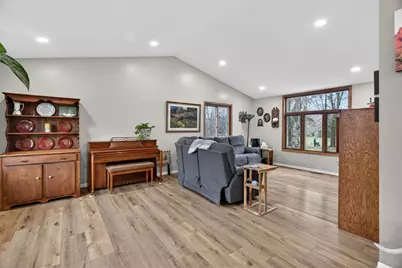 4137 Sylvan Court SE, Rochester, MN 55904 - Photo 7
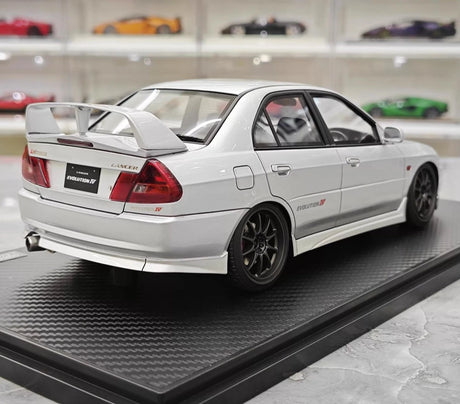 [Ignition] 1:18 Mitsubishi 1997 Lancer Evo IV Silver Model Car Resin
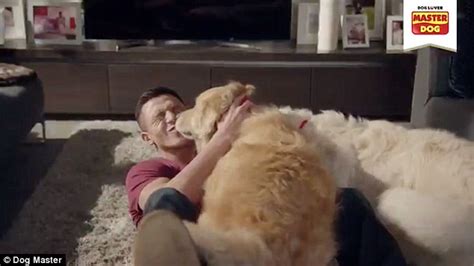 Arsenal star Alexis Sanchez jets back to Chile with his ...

--

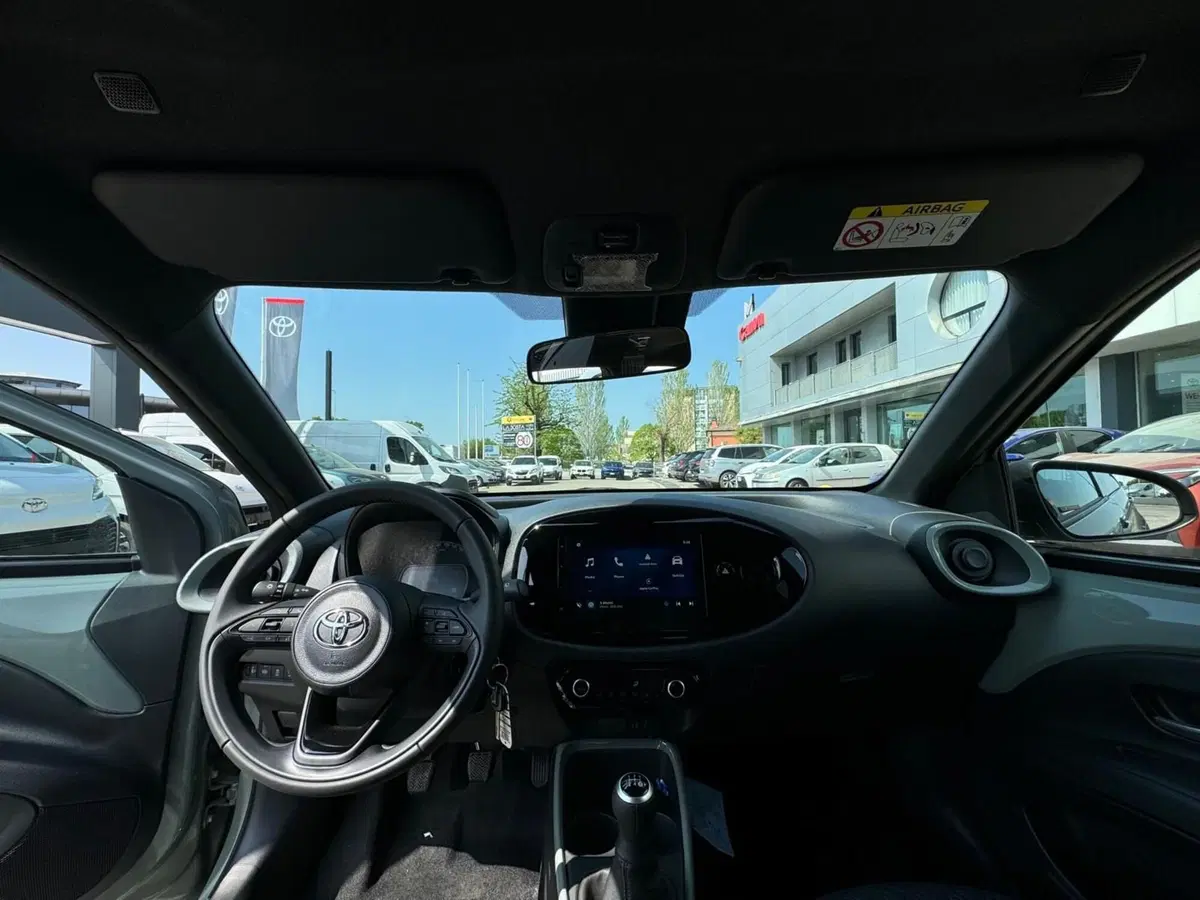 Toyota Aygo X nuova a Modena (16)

- _Brief_: Copy out the listing above from the line containing "4137 Sylvan Court" to the line containing "Arsenal star Alexis", both included, exactly as written and minus the images.

- _Written solution_:
 4137 Sylvan Court SE, Rochester, MN 55904 - Photo 7
 [Ignition] 1:18 Mitsubishi 1997 Lancer Evo IV Silver Model Car Resin
 Arsenal star Alexis Sanchez jets back to Chile with his ...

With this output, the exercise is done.